Bubble – secondo quanto riferisce la CNBC – utilizzerà il segnale Bluetooth ma in una maniera inedita, così da non scaricare subito le batterie degli smartphone. 
La soluzione che le due aziende offriranno non sarà una vera e propria App. Ma un sistema che consentirà alle istituzioni pubbliche di sviluppare ciascuna la propria Applicazione, a seconda delle esigenze e delle preferenze dei governi. 
Il sistema utilizzato è decentralizzato, basato sullo standard DP-3T e  sfrutterà lo scambio di chiavi crittografiche. Insomma le due aziende faranno capire che – a differenza degli Stati nazionali – loro tengono davvero alla privacy degli utenti.

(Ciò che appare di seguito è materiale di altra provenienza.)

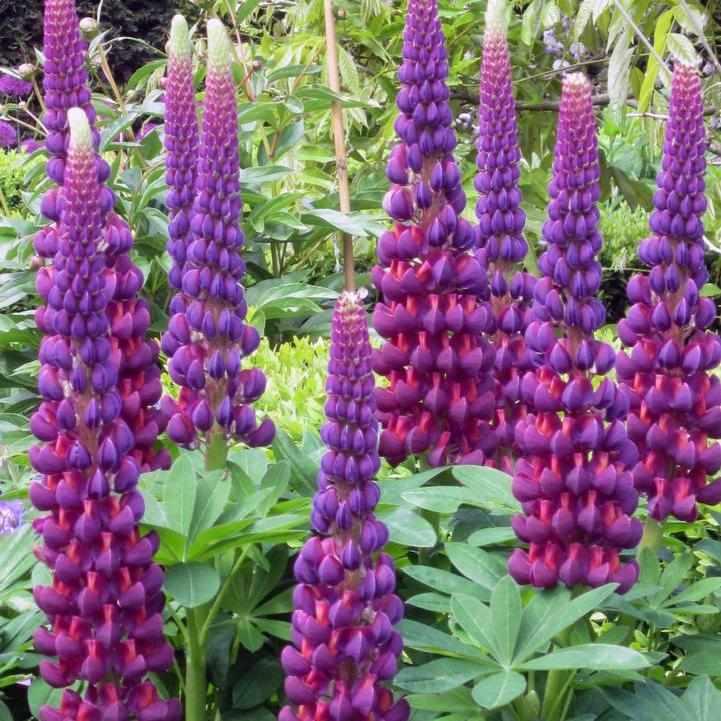 West Country® 'Masterpiece' Lupine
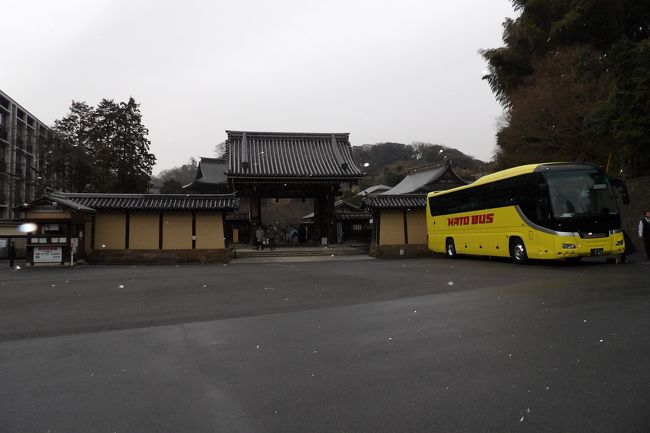 　小雪が舞う建長寺門前の駐車場にはハトバスが止まっている。こんな天気でもバス旅行はキャンセルできないのだろう。このハトバスはこの後鶴岡八幡宮に向かい、駐車場からバスを下りて出て来る乗客にガイドさんが「帰りはこの階段を下りて駐車場のバスまで行きます。」と言って、祖霊社裏から八幡宮に入って行くのに出会った。おそらくはお昼は北鎌倉の「鉢の木」で昼食になるのだろう。<br />（表紙写真は小雪の建長寺門前）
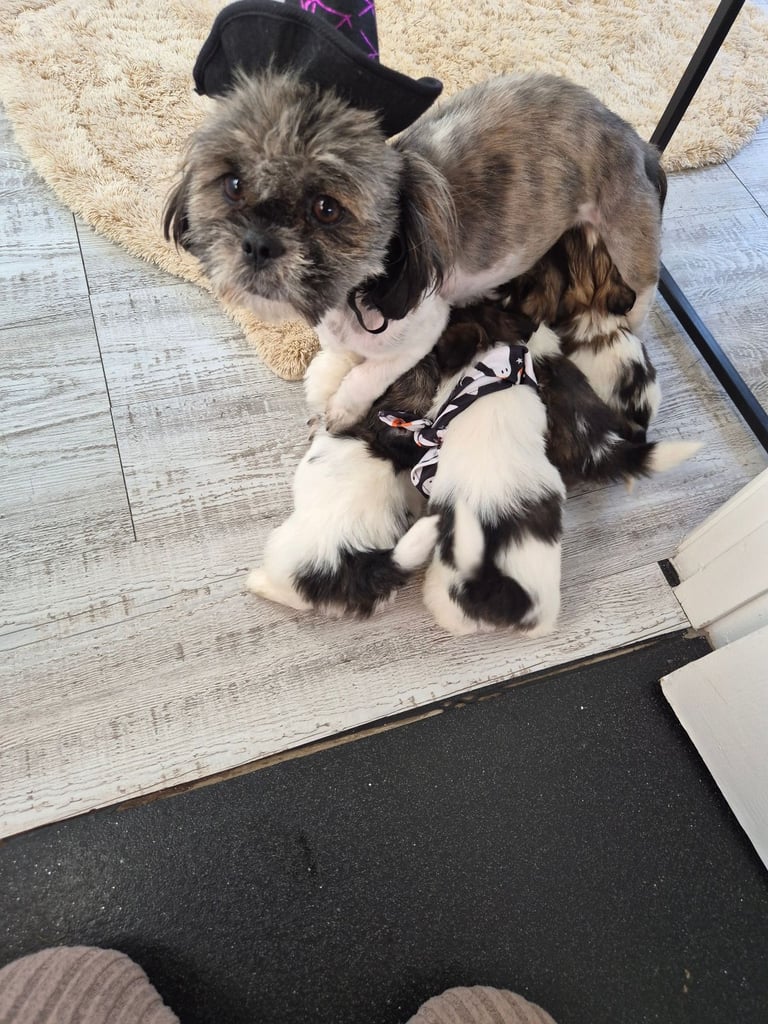 Shih tzu puppies ready in 1 week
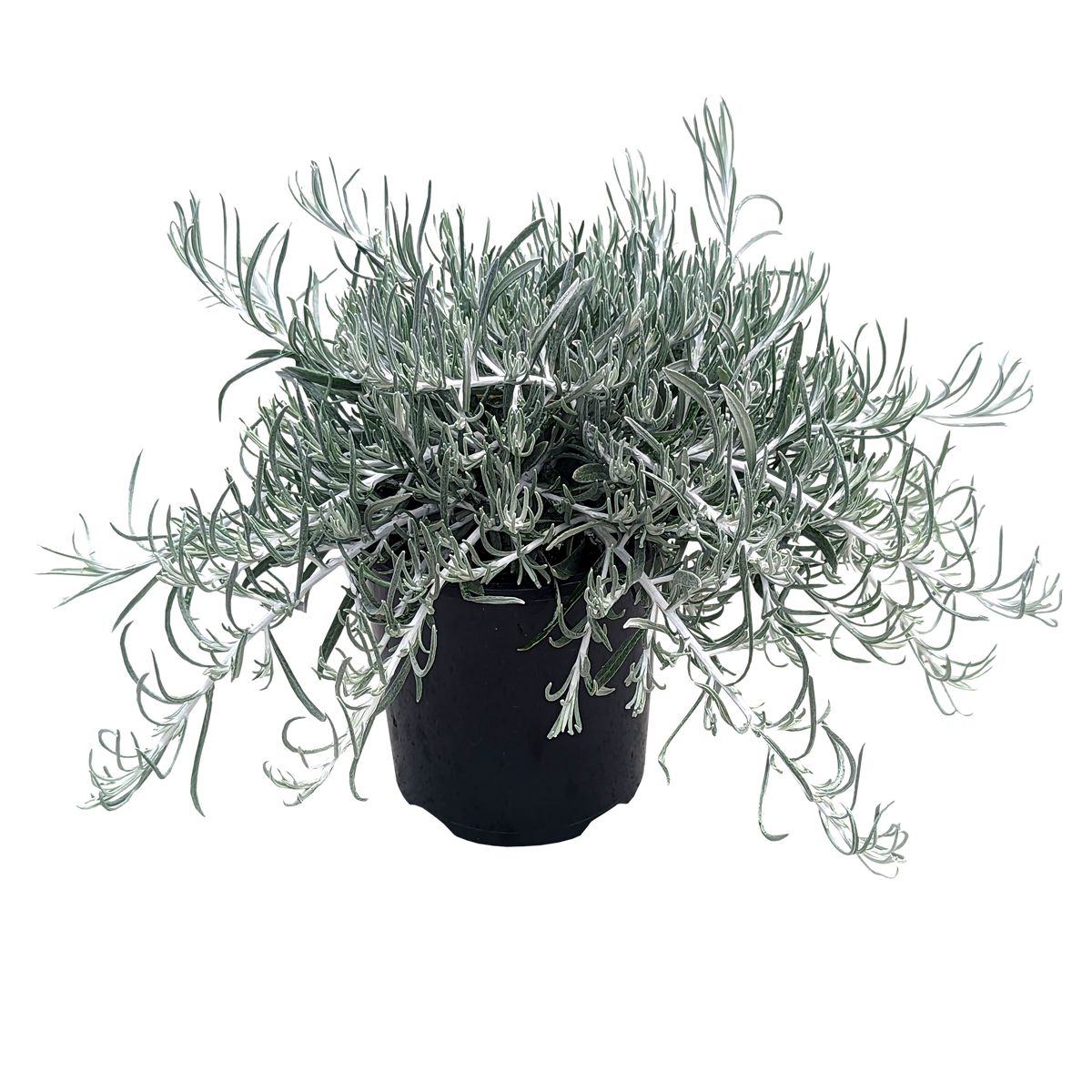 Helichrysum italicum - Silvio Spreading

Sono arrivate prima loro, prima di tante nazioni, in maniera efficiente, senza discussioni e senza quel fastidioso rumore di fondo rappresentato dal dibattito pubblico (su Telegram non si può mettere il corsivo, ma insomma spero sia evidente che si tratti di un’affermazione sarcastica). Dal punto di vista politico Apple e Google esibiranno al mondo intero un successo senza precedenti, perché mette la tutela della salute e quella della privacy sullo stesso piano e in capo a due soggetti privati, non alle istituzioni.